Ceux-d-en-basSerge Brussolo joue avec les nerfs de ses lecteurs, entretenant le suspense tout au long du récit qui se déroule sans temps mort, dans une atmosphère d’angoisse de plus en plus prenante, et minutieusement installée dès le début de l’histoire. Si certains n’hésitent pas à le placer près de Stephen King, personnellement je trouve que son sens de l’intrigue et sa virtuosité dans le gravissement progressif de l’échelle de l’angoisse sont plus forts, plus prégnants que chez Stephen King. En effet le maître de l’horreur américain souvent s’englue dans les premiers chapitres, l’histoire ne décollant véritablement qu’au bout d’une centaine de pages. Serge Brussolo instille dès le prologue un climat envoûtant, tout en prévenant son lecteur à plusieurs reprises, instaurant une muraille fictive entre réel et imaginé. Ainsi page 11 il écrit : Aucun de ces romanciers de pacotille qui écrivent des romans d’horreur n’oserait inventer une chose pareille ! Plus loin, il persévère : Personne n’est assez bon pour réussir un coup pareil, sauf au cinéma ou dans les romans. Comme si ce qu’il raconte est issu d’une histoire véridique et non pas une fiction provenant d’une imagination fertile. Il n’y a que dans les romans policiers que tout s’explique à la fin, dans la réalité, des zones d’ombre demeurent, et rien ne parvient jamais à les éclairer, tous les flics le savent.
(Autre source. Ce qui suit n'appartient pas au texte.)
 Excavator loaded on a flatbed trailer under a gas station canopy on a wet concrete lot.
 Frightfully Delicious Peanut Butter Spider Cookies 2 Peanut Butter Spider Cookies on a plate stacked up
Quant à Mickie, jeune femme décalée, qui aimerait avoir un enfant, en choisissant un géniteur selon son goût, ni trop fade, ni trop musclé, elle est composée de deux éléments antinomiques : Parfois j’aurais voulu être une ménagère modèle vivant dans un joli pavillon d’une banlieue du Connecticut pour cadres huppés, parfois également, je me disais que ce genre d’expérience m’aurait rendue folle d’ennui, et que j’avais beaucoup de chance de tomber sur des cadavres chaque fois que j’ouvrais un placard. C’est bien connu, les femmes ne savent pas ce qu’elles veulent !

Serge BRUSSOLO : Ceux d’en bas. Editions Pocket (réédition de Fleuve Noir).